Willie won at cards,
Shared his money and his dick.
Then someone killed him.
"Rambling, Gambling Willie" is an affectionate portrait of a coarse male gambler and slut named Will O'Conley who was good to all the women by whom he got his 27 children. O'Conley had one job, as they say, and he did it well, and then one day a guy blamed him for a bad poker hand and shot him in the head, and that was that for ol' Willie. This song appears on the first volume of the bootleg series, released in 1991, though it was recorded in 1962.
The story of Rambling, Gambling Willie:
Chapter 1: In which we learn of Willie's 27 children by a variety of women, none of whom he married.
Chapter 2: He gambled in the White House and in the rail yards. Wives knew to keep their husbands home when he would roll in to town.
Chapter 3: He held a poker session on the Jackson River Queen when he sailed to New Orleans. By the time they finished the game, he owned the boat.
Chapter 4: He held a week-long game in Cripple Creek, Colorado, with the miners, and when he was done, he owned the town.
Chapter 5: Willie didn't just support his progeny, he gave money to the sick and the poor.

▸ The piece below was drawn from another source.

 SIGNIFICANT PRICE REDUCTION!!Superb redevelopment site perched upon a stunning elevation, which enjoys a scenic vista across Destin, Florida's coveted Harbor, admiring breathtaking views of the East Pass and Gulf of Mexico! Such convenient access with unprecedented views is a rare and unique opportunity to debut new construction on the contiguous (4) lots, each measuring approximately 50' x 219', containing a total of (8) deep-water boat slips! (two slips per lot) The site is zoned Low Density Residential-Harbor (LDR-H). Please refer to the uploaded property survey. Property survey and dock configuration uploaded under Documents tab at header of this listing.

He didn't spend much of his money on himself.
Chapter 6: Willie was a good bluffer. Once, he beat a guy with a diamond flush and he didn't even have a pair.
Chapter 7: A guy shot Willie in the head and killed him, thinking Willie was to blame for his bad hand. When Willie took his fall, he was holding aces backed with eights.
Chapter 8: Moral: make your money while you can, because once you pull the dead man's hand, you won't be gambling anymore.